Ninja has an array and he can perform two operations any number of times.

Operation 1: He can divide any even element by 2
For example: [1, 2, 3, 4, 5] -> [1, 1, 3, 2, 5]

Operation 2: He can multiple any odd element by 2:
For example: [1, 2, 3, 4, 5] -> [2, 2, 6, 4, 5]

Ninja wants your help to minimize the maximum difference between any two elements in the array using these operations.

Can you help Ninja achieve this task?

Detailed explanation ( Input/output format, Notes, Images )

Input Format:

The first line of input contains an integer 'T' representing the number of test cases.

The first line of each test case contains a single integer ‘N’ denoting the number of elements in the array.

The second line of each test case contains ‘N’ space-separated integers representing the array elements.
Output Format : 
For each test case, print a single line containing a single integer denoting the minimum of the maximum difference of any two elements.
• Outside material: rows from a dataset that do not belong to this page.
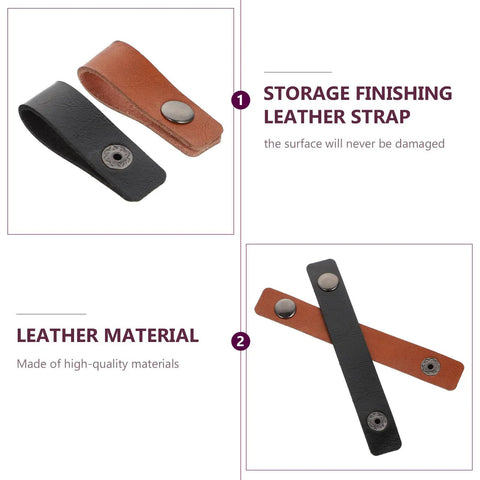 Premium Leather Cord Organizer Straps To Kick The Cable Chaos And Keep Your Setup Crisp While Traveling With Reusable Fasteners And Durable Flexible Wrap Ties, showing black and brown leather straps.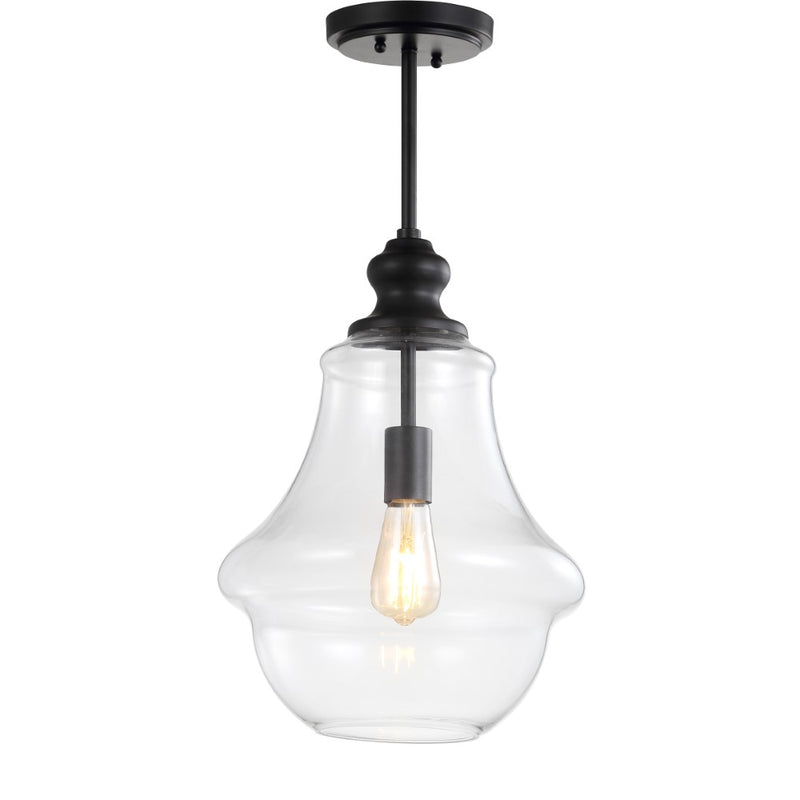 Adam Adjustable Metal/Glass LED Pendant - JONATHAN Y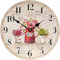 TAHEAT 30 cm Vintage Blume Wanduhr, Holz Retro Shabby Chic Uhren, Lautlos Geräuschlos Landhausstil Wanddekoration für Wohnzimmer/Schlafzimmer/Küche/Büro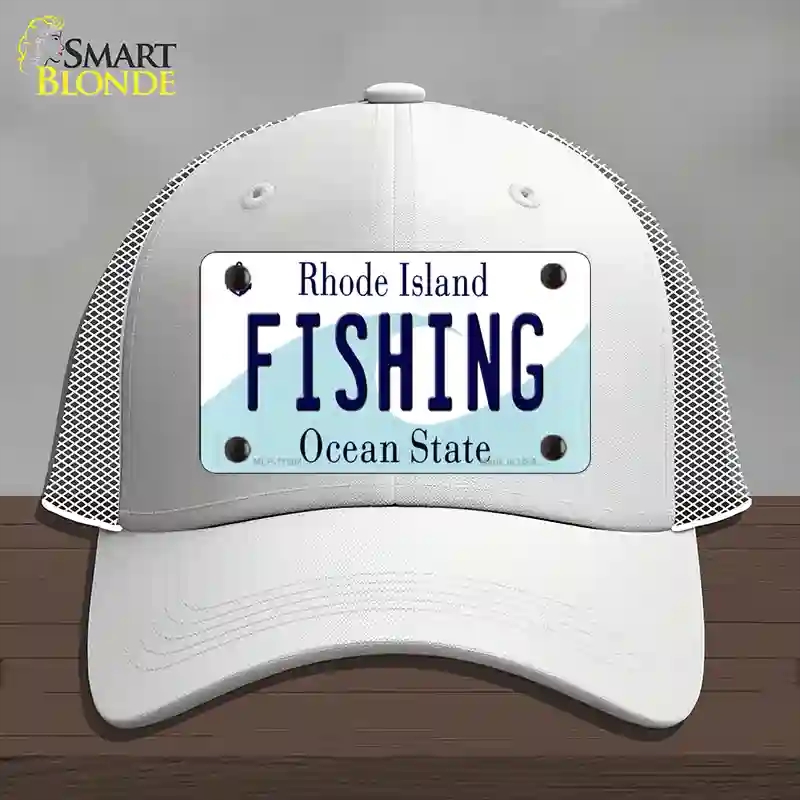 HAT19-MLP-11206 Fishing Rhode Island State Novelty License Plate Hat, Mesh - White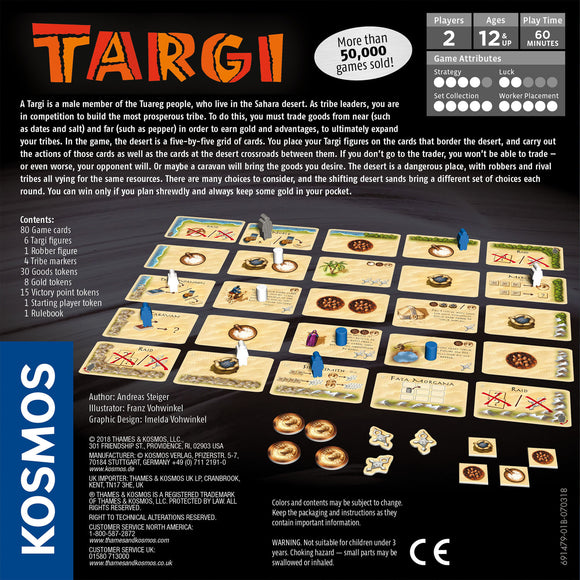 Targi Game by Thames & Kosmos. A strategy board game for 2 players aged 12 and up, featuring colorful cards depicting trade goods like dates and gold, player figurines, and tokens. The game is set in the Sahara desert, emphasizing resource management and strategic trade. The visually appealing game design showcases various game components, including cards, figures, and resources, on a desert-themed board.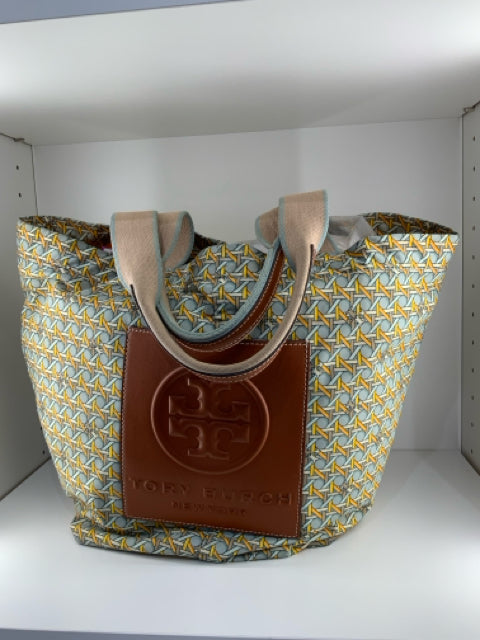 Pre Owned Tory Burch Geometric Basket Weave Tote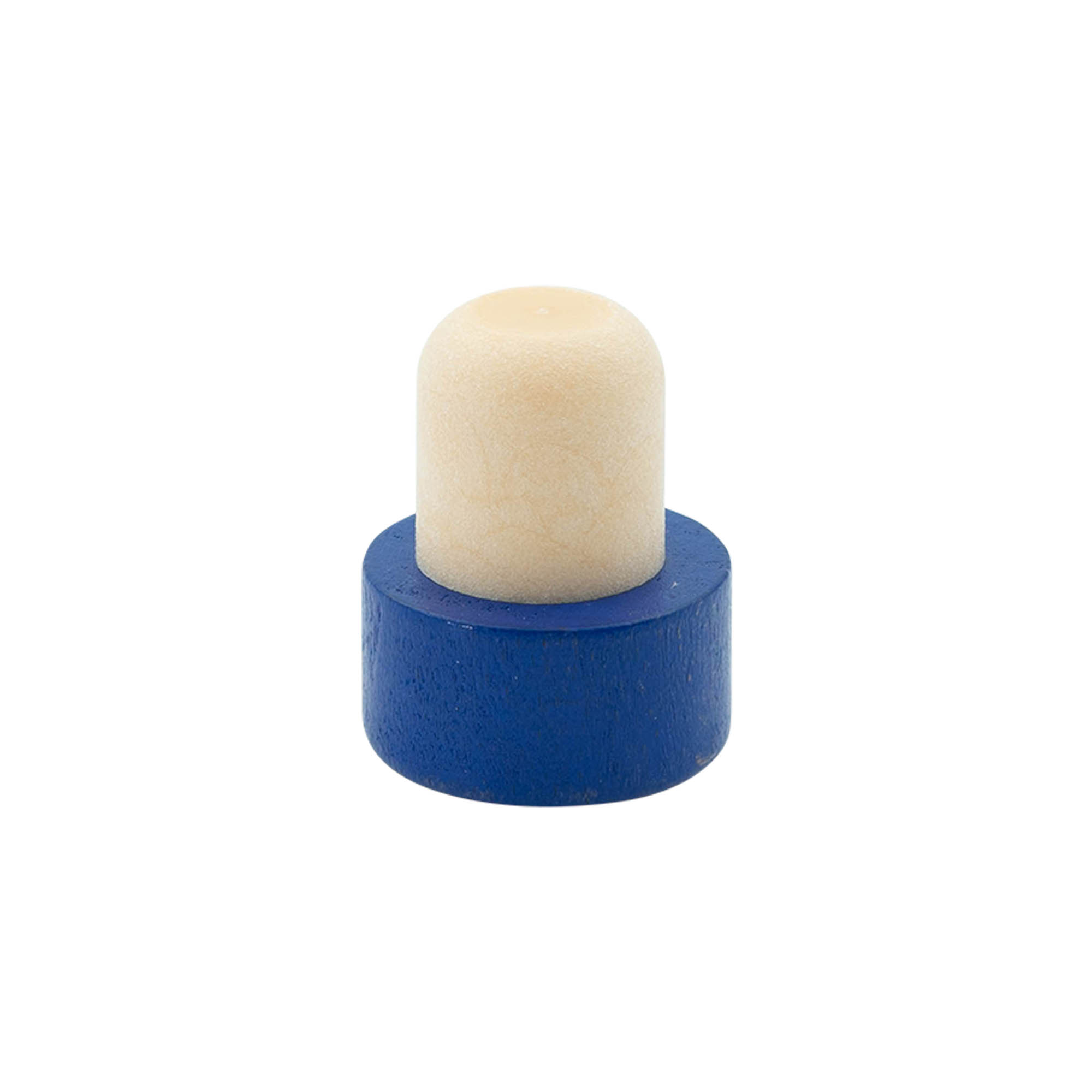 Handle cork 19 mm, wood/plastic, blue, for opening: cork Handle cork 19 mm, wood/plastic, blue, for opening: cork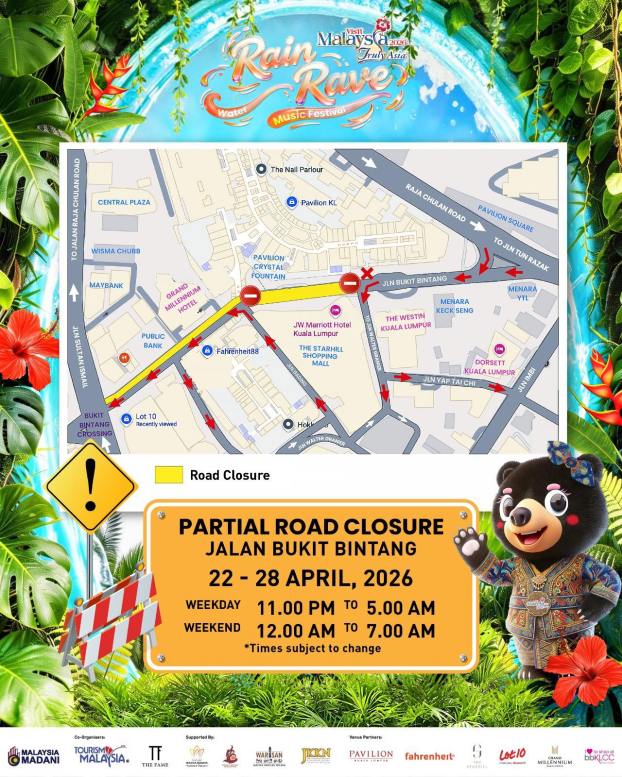 Bukit Bintang partial road closures April 22-28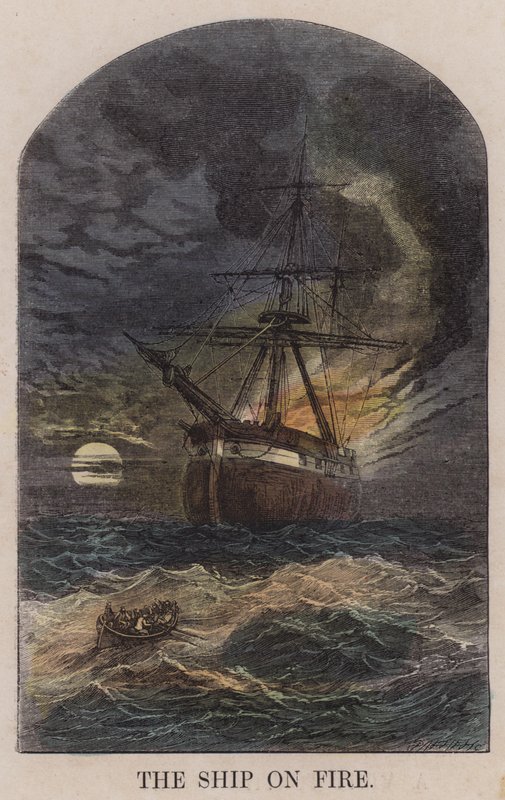 O navio em chamas (gravura colorida) de English School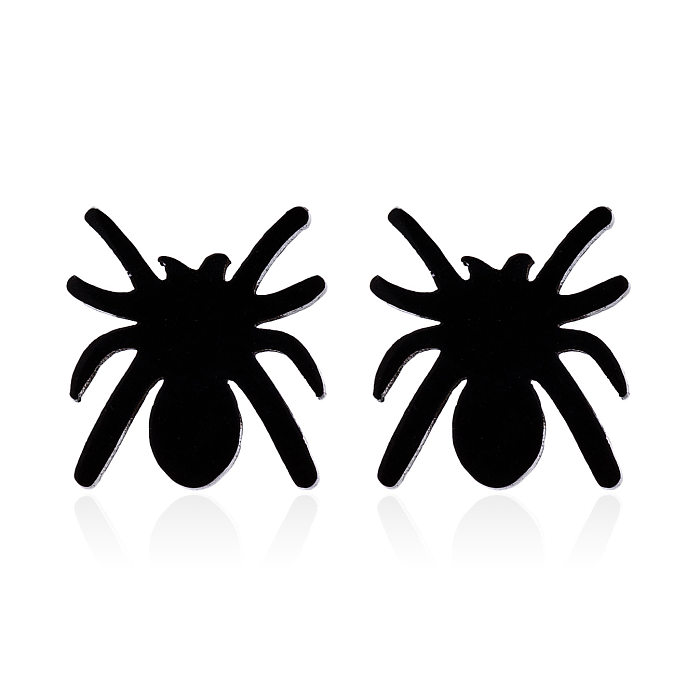Einfacher Stil, herzförmige Spinne, Edelstahlbeschichtung, ausgehöhlte Ohrstecker, 1 Paar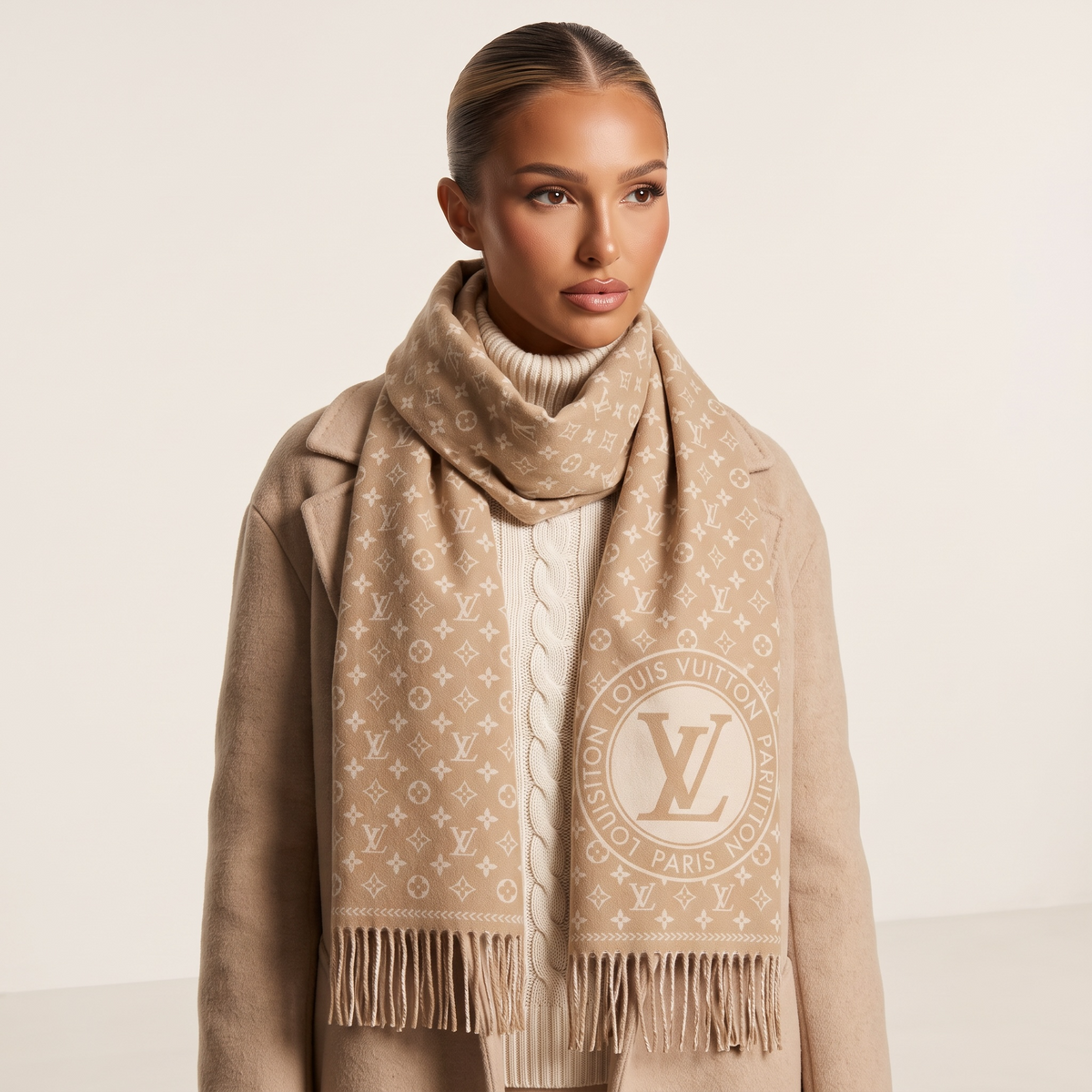 Louis Vuitton Monogram Circle Cashmere Blend Scarf Beige Elegant Style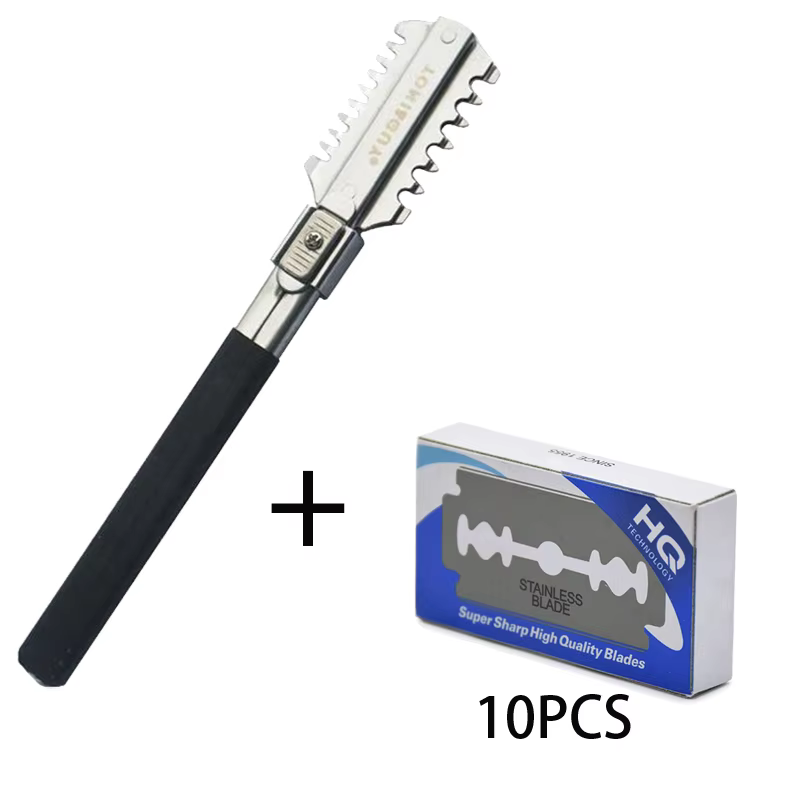 Men'S Grooming Trimmer - ダブルエッジシェービングヘアカットかみそりナイフの刃手動ヘアカットツールひげトリマー理髪店スタイリングアクセサリー刃セット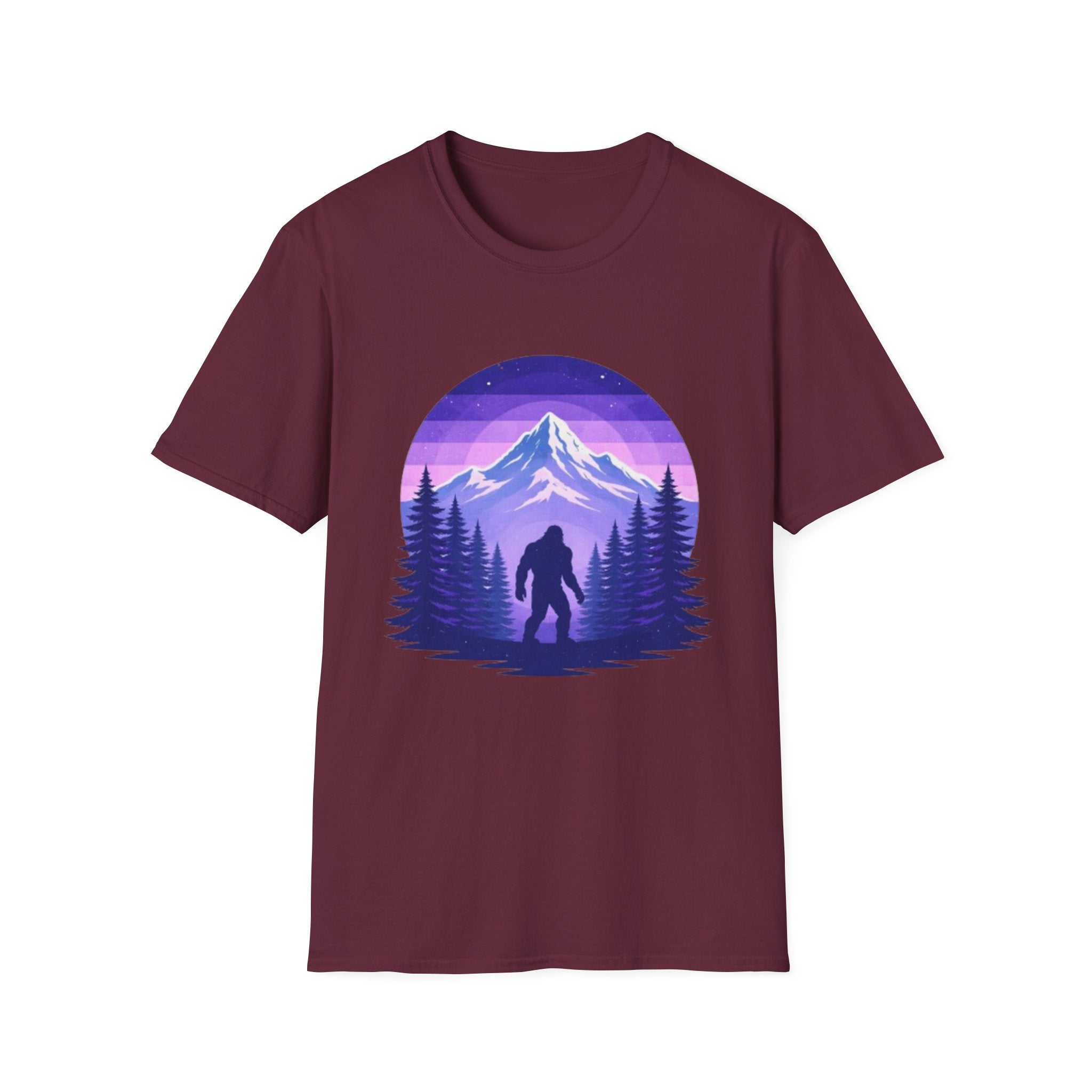 Bigfoot Mountain Sunset T-Shirt | Retro Purple Wilderness Adventure Tee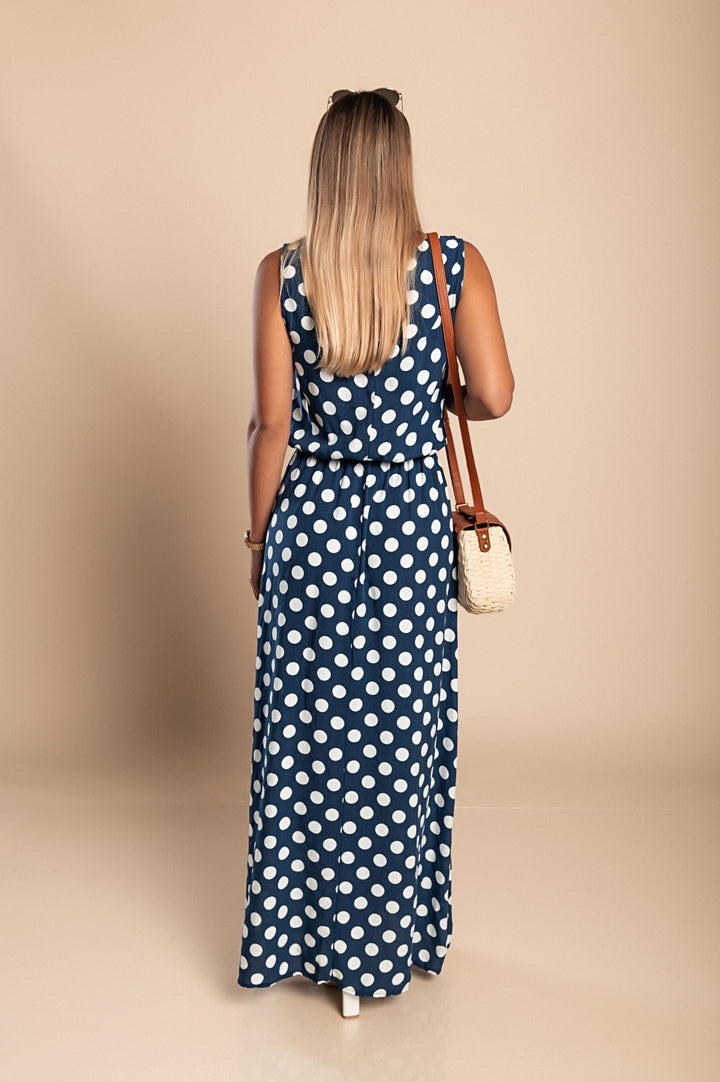 Lyna - Gepunktetes Maxi Kleid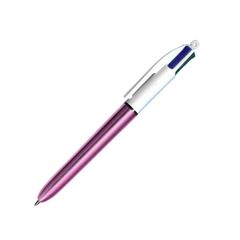 CANETA ESFEROGRAFICA BIC 4 CORES METALICA CORPO ROSA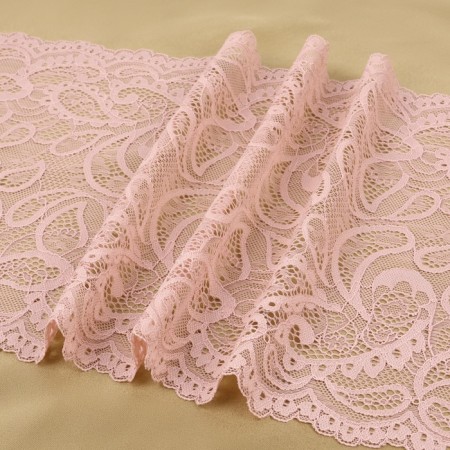 Lace elastic fabric, 235 mm × 2.7 ± 0.5 m, pink-beige color-2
The output for each test case is printed in a separate line.
Constraints : 
1 <= T <= 5
1 <= N <= 5000
1 <= ARR[i] <= 109

Where ‘T’ is the number of test cases, ‘N’ is the number of elements and ‘ARR[i]’ represents the element of the array.

Time limit: 1 second

Note:

You do not need to print anything, it has already been taken care of. Just implement the given function.

Sample Input 1:

2
4
1 2 3 4 
4
4 3 5 1

Sample Output 1:

1
3

Explanation of Sample Output 1:

Test Case 1: using the operations we can convert the array as follows
[1,2,3,4] -> [2,2,3,2].
Now the maximum difference between any two elements is 1 that is the minimum possible ninja can achieve.

Test Case 2:  using the operations we can convert the array as follows
[4,3,5,1] -> [4,3,5,2].
Now the maximum difference between any two elements is 3 that is the minimum possible ninja can achieve.

Sample Input 2:

2
5 
5 7 8 9 4
4
4 8 16 6

Sample Output 2:

5
1
Hint

Try using a Heap to track the largest number.

Approaches (1)
Greedy technique

The idea here is to remove one of the operations and then using some observations we can find the answer.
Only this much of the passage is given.